(609a) Evaluation of Various Hybrid Extraction-Chromatography Separation Process Options Using Model-Based Approach

Minceva, M., University of Erlangen-Nuremberg
Goll, J., Technische Universität München
Arlt, W., University of Erlangen-Nuremberg

Centrifugal partition chromatography (CPC), also known as counter-current chromatography (CCC), is a versatile and highly selective separation technology, which combines the principles of extraction and chromatography.

Like in extraction the separation is achieved as a result of the different partitioning of the solutes between the phases of a biphasic liquid system, and similar to chromatography one of the two liquid phases is kept stationary. However, there are some substantial differences, which make this technology unique. Namely, the preferred range of the partition coefficient of the solutes to be separated in CPC/CCC is between 0.5 and 2.5, considerably lower than in extraction. Unlike in liquid-solid chromatography a centrifugal force is used to keep one of two liquid phases stationary.

In CPC/CCC both liquid phases can be used as stationary phase and their role can be switched during the separation run. This opens up the possibility for several original batch and continuous operating modes, which are not possible or realizable in extraction and in liquid chromatography with solid stationary phases.

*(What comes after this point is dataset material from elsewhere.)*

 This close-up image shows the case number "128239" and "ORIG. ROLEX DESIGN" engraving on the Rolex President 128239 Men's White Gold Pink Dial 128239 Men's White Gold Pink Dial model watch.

In this work an overview of the existing CPC/CCC processes is given, with a special focus on the continuous operating options. It is shown that the selection of the best operating mode for a given separation task is not always easy and straightforward. Hence, for making right selection the available process options should be systematically evaluated. This issue is addressed through a model-based approach, which combines experimentally derived thermodynamic, hydrodynamic and mass transfer data with a relatively simple mathematical model, i.e. the “cell model”. The proposed approach enables easy evaluation of the separation performances of different CPC/CCC operating modes.